One need look no further than the two presumptive nominees' schedules to see the strategies in operation. This week, Obama is in Missouri, Iowa, and Wisconsin -- only the last of which was won (barely) by Democratic nominee John Kerry four years ago. Last week, Obama launched his general election campaign in Virginia, a state that President Bush won four years ago by 9 points, and which both 2008 campaigns now consider competitive -- the most dramatic entry into the ranks of battleground states.

McCain's presence Wednesday in Philadelphia, where he will hold a town-hall meeting, signals his intention to poach a blue state rich with Reagan Democrats -- and a critical 21 electoral votes of the 270 needed to win the presidency.

"It is an absolute must-win state for Obama; if he loses it, I think it's almost impossible for him to win the election, because he's also likely losing Ohio and Florida," says Terry Madonna, a pollster at Franklin and Marshall College in Lancaster, Pa.

McCain is competitive in Pennsylvania, Mr. Madonna says, "because he is able to attract independents."

But for now, analysts say, the overall electoral map tilts toward Obama. The floundering economy, the Iraq war, and an unpopular Republican president all work against McCain, and if Obama can secure the states that Senator Kerry won in 2004, that's already 252 electoral votes -- with just 18 to go for the presidency. Ohio alone (20 electoral votes) gets him there. So does a combination of Iowa (7), Colorado (9), and Nevada (5) or New Mexico (5), all states considered ripe for the picking by Obama.

The Obama campaign, flush with cash and fresh off a highly competitive nomination race that required organization building in every state, is promising a 50-state effort in the general election.

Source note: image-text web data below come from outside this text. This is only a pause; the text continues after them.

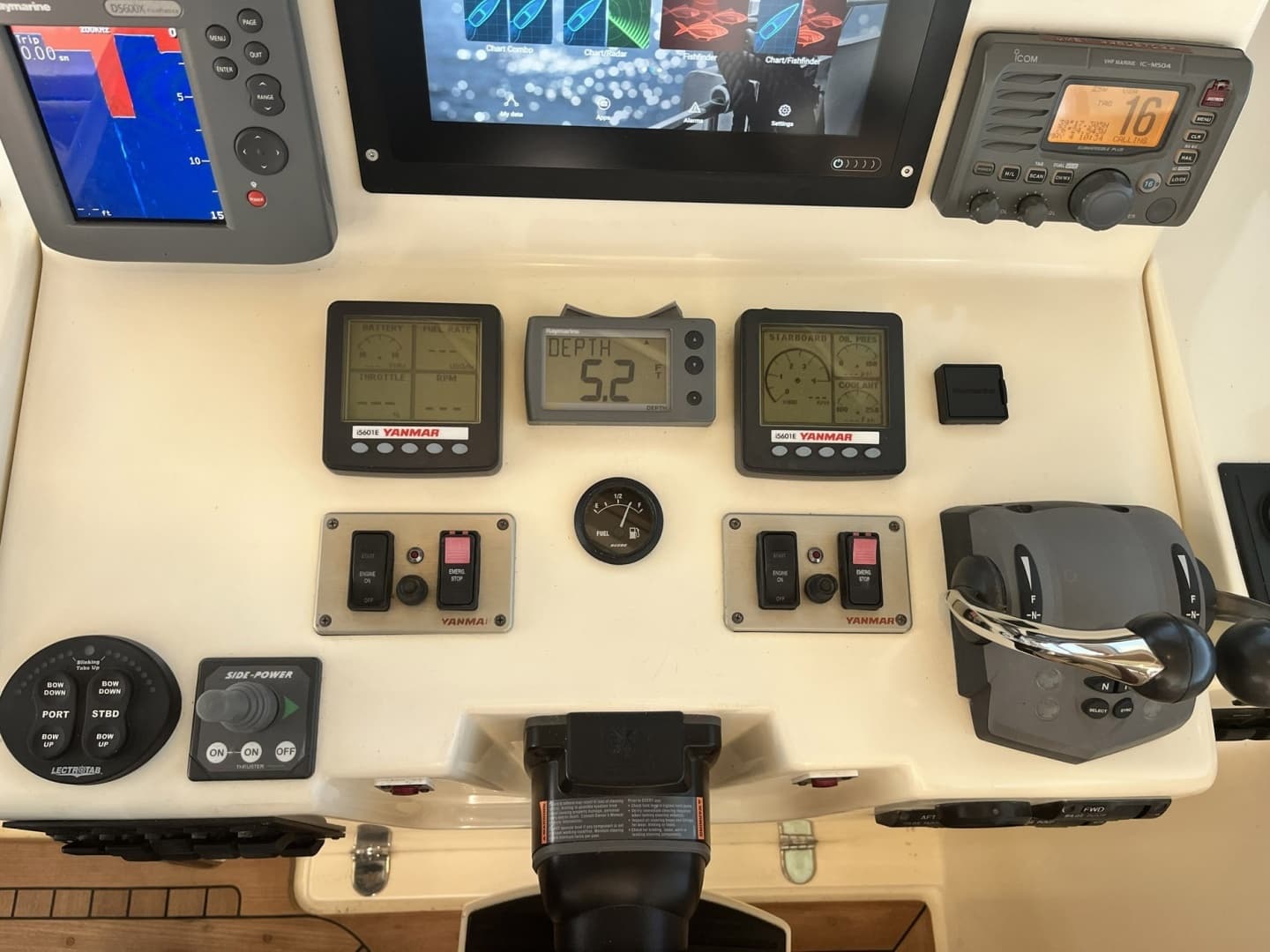 2007 Sabre 34 Express - Image 32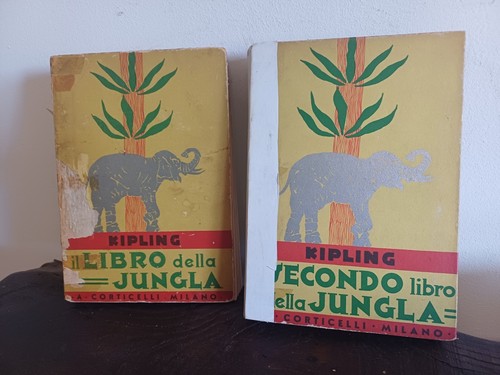 Kipling libro della - 'il,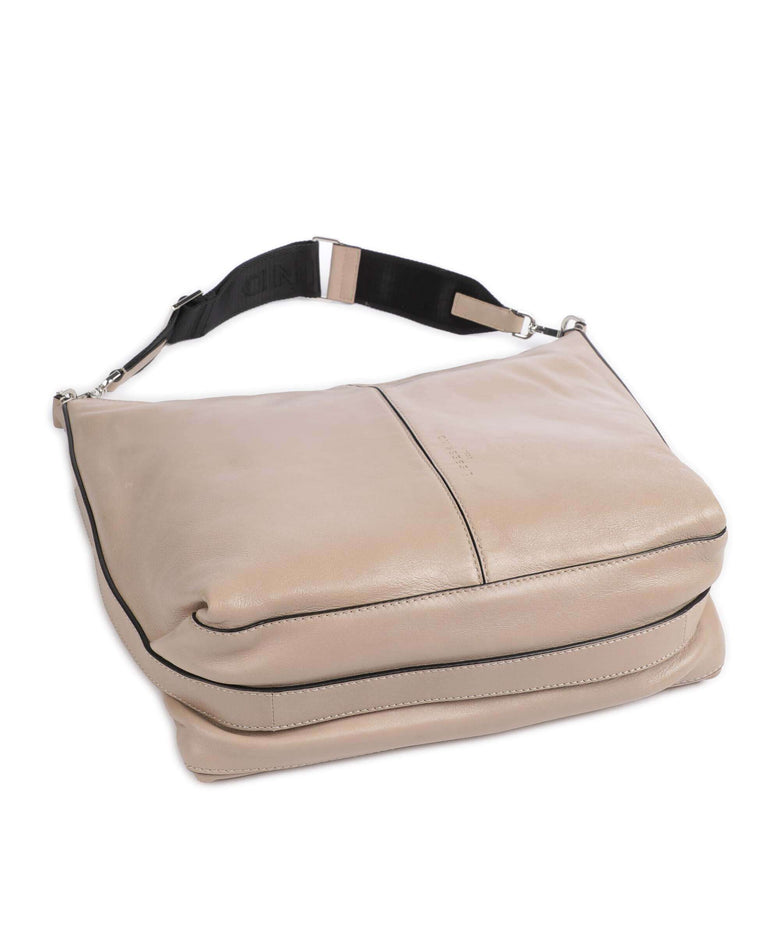 Liebeskind Paris 4 Lamb SF Verna M Hobo bag stone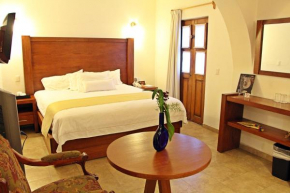  El Serafin Hotel Boutique  Сантьяго-Де-Керетаро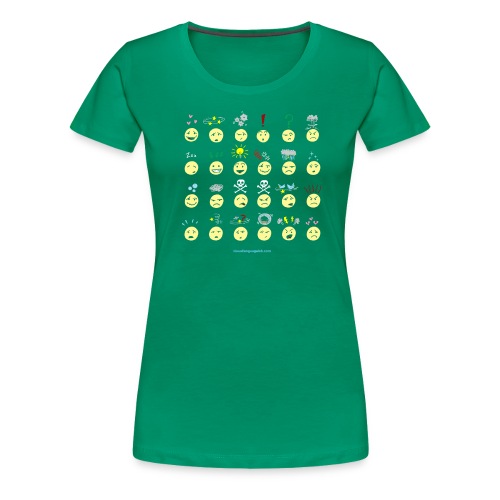 Upfixes Galore - Women's Premium T-Shirt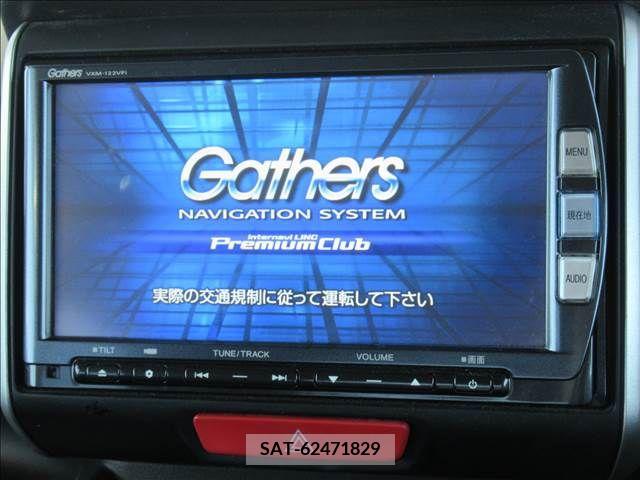 Honda N BOX CUSTOM 2012-11 380695-8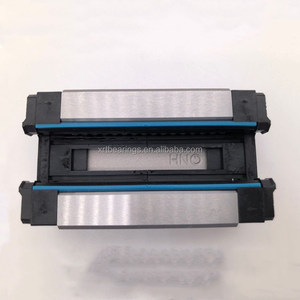 Tuyến tính chuyển động hướng dẫn khối trh20vn trh 20vn trượt đường sắt + trượt khối 1.36 sản phẩm 2020 tự động hệ thống động cơ Chrome Thép Mới - Product Image 1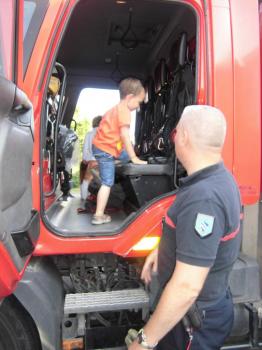 Pompiers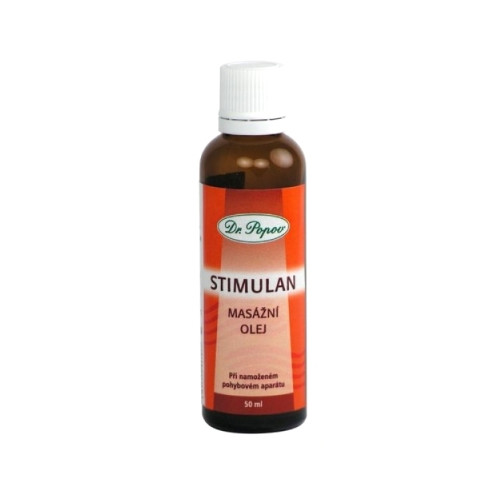 Stimulan - óleo para massagem local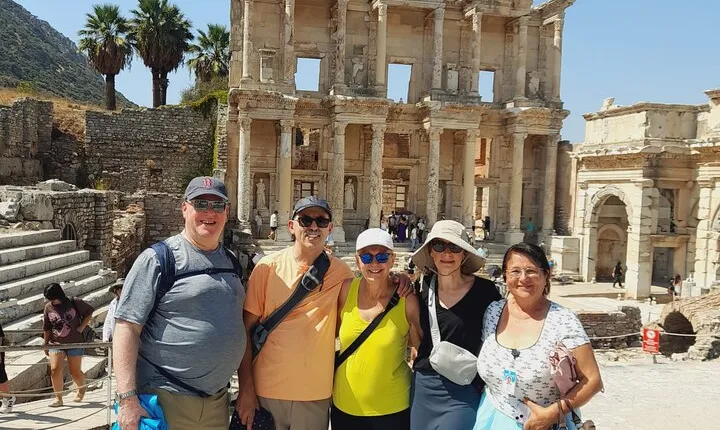 Best of Ephesus: 1, 2 or 3-Day Private Guided Ephesus Tour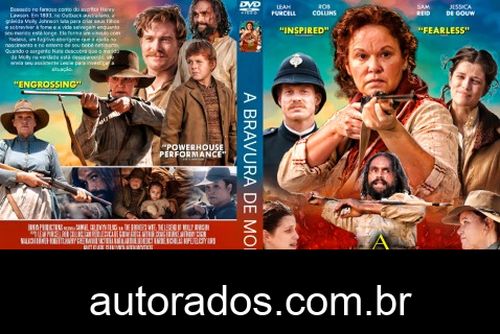 A Bravura de Molly (2022) DVD-R AUTORADO –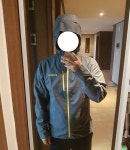 소프트쉘 하나 구입했습니다. + 팔 기장 고민이네요 - 뽐뿌:등산포럼 소프트쉘 하나 구입했습니다. + 팔 기장 고민이네요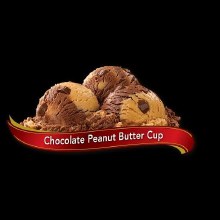 Chapman's Premium CHOC PEANUT BUTTER CUP Hard Ice Cream - 11.4L (01150)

"Today, I am proud to announce that our presidential campaign will be the first in a generation to deploy and maintain staff in every single state," Obama's deputy national campaign director, Steve Hildebrand, announced Monday in an e-mail to supporters.

All campaigns, of course, say they are competing everywhere; there's no point in discouraging core voters in safe states, and making those electoral votes less than automatic -- or missing opportunities in the opposition's seemingly safe states. But this time around, with the environment weighing so heavily in the Democrats' favor, a 50-state strategy may seem a bit less pie in the sky.

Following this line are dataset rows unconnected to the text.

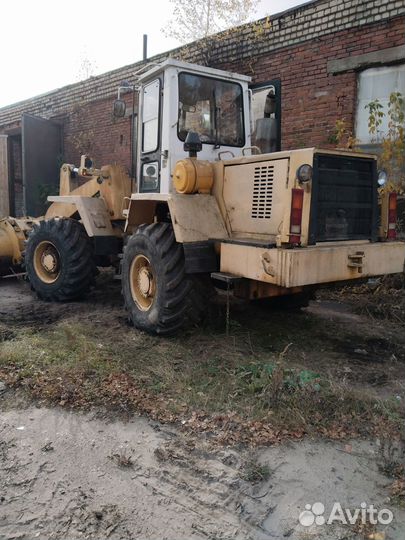 Фронтальный погрузчик Амкодор 343С, 2007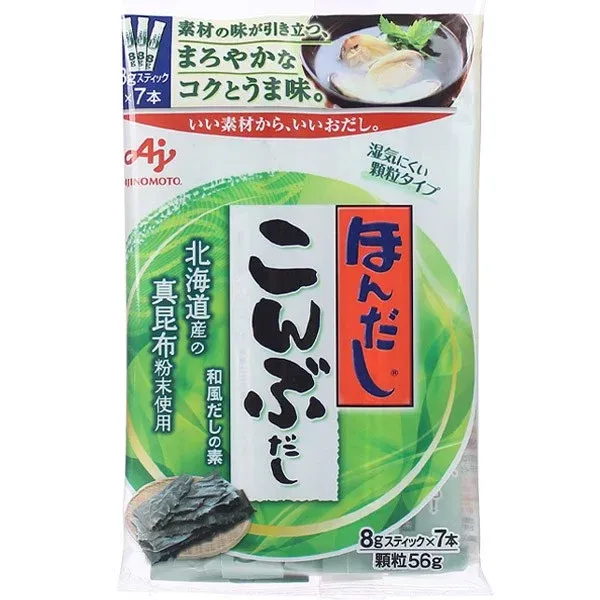 Hạt nêm Ajinomoto tảo bẹ 56g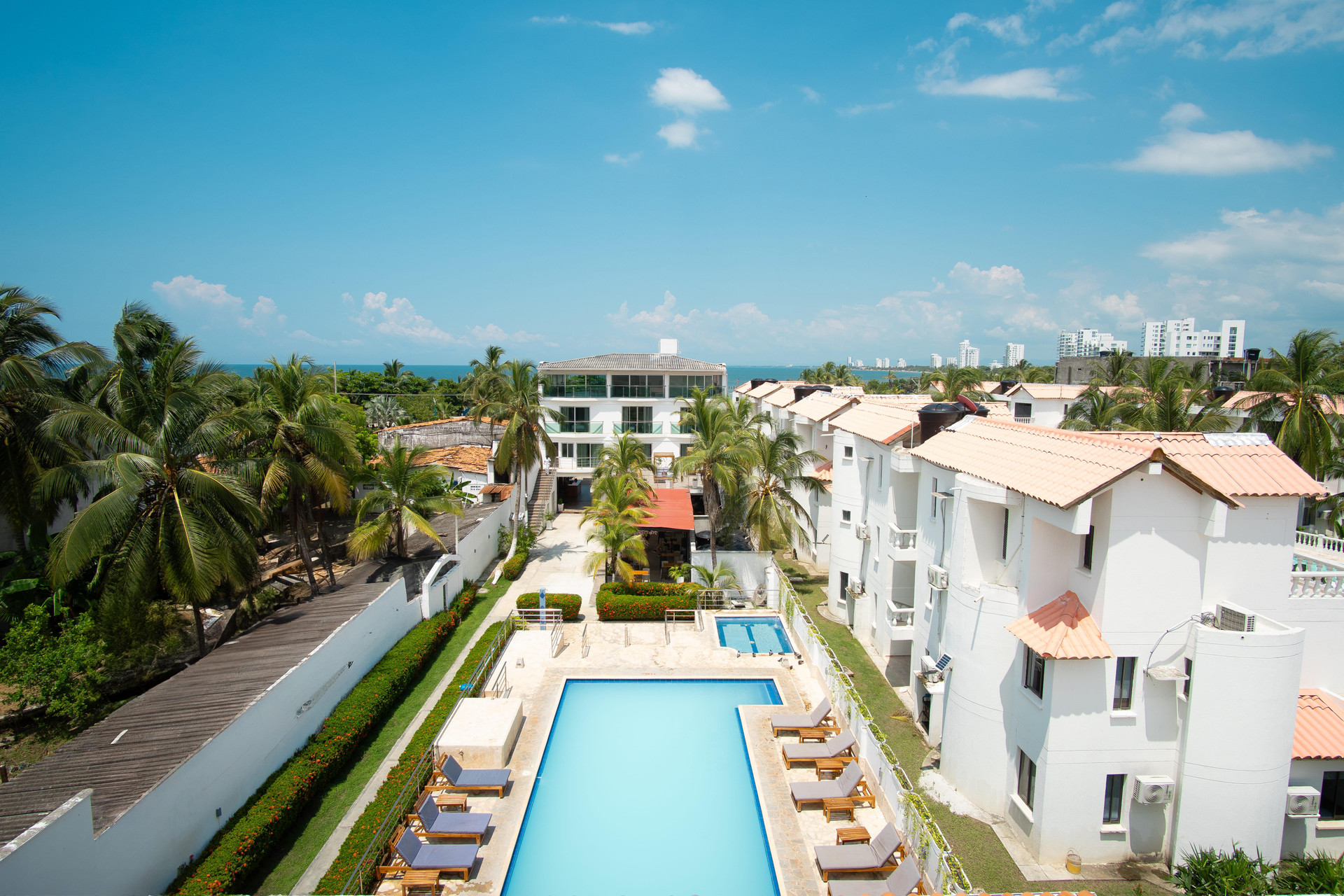 Playa Hotel Caribe Coveñas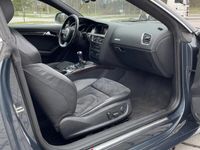begagnad Audi A5 Coupé 3.0 TDI V6 DPF quattro Proline, S-Line Euro 4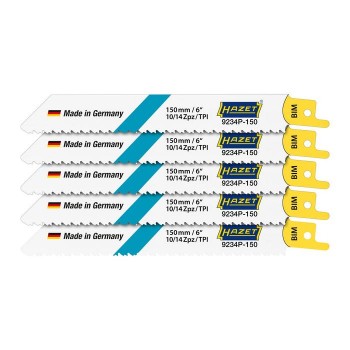 HAZET Saw blade set 9234P-150/5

Republicans have lost three normally safe congressional seats this year in special elections, and signs point to another "wave" election, following the wave of 2006, when the Democrats swept the Republicans out of the leadership in both the House and the Senate.

Even though McCain is competitive with Obama so far in national polls, he faces a generic Republican vs. Democrat environment that favors the Democrats by a double-digit margin.

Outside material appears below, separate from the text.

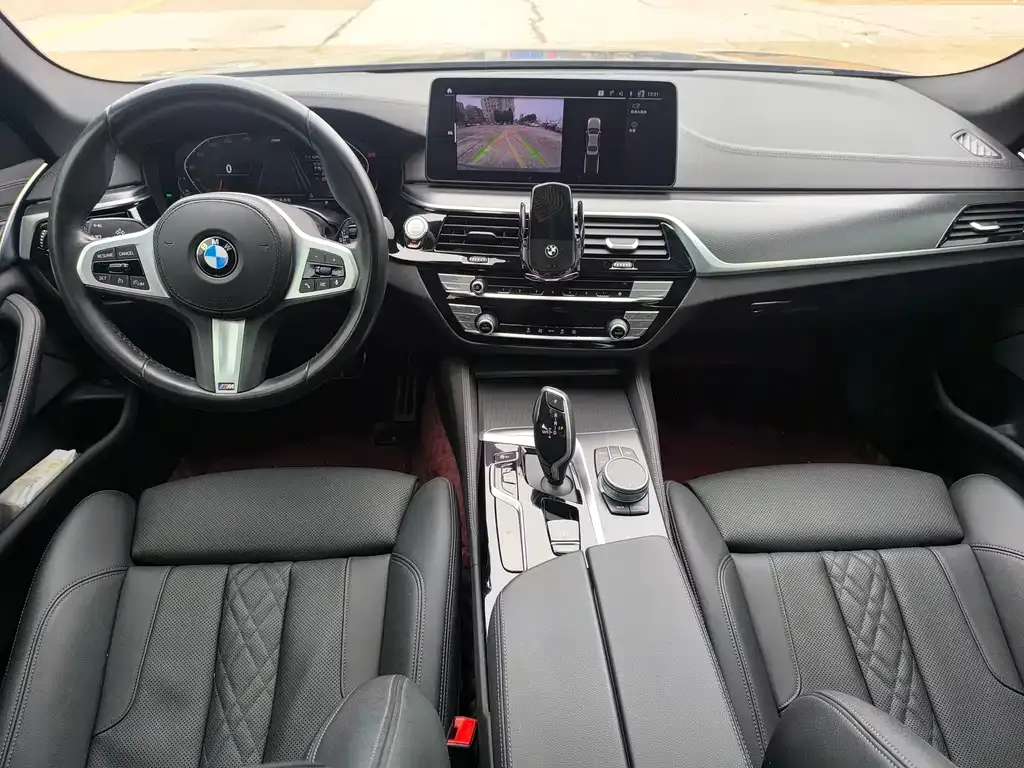 BMW 5 Series (Import) — фото 5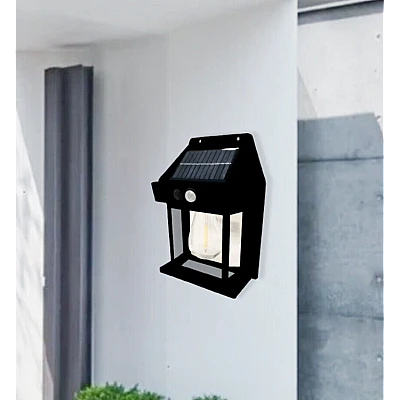 Lampa Led CB 888 cu senzor de lumina pentru perete putere 3W Alb Lampa Led CB 888 cu senzor de lumina pentru perete putere 3W Alb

Also in Obama's back pocket is a large pool of unregistered black voters in states he hopes to make competitive. As of 2004, according to Census numbers, Georgia alone had 500,000 African-Americans who were not registered to vote. The Obama campaign is aggressively courting those voters with the prospect of electing the nation's first black president -- and thus many political handicappers put Georgia in the "lean McCain" column, not in his base.

North Carolina, Mississippi, and Louisiana are also in same boat, with large untapped populations of black voters that could make those states competitive. Even if Obama does not win there, he could force the less-well-funded McCain to divert resources to them.

David Bositis, an expert on the black vote at the Joint Center for Political and Economic Studies in Washington, notes that the states with the biggest black populations are also the most racially polarized.

"Senator Obama is not going to win these states just with black voters," he says. "He has to have some prospect of doing reasonably well with white voters."

Mississippi may be beyond reach, but states like North Carolina and Georgia, with influxes of upper-income, young, and educated white voters could become competitive with a large-enough black turnout.

"If they [the Obama campaign] can turn out enough new voters and combine them with progressive whites and even bring back some Reagan Democrats, they can be competitive," says Kerry Haynie, a political scientist at Duke University in Durham, N.C. "The economy is in the tank, and it gives them an opening."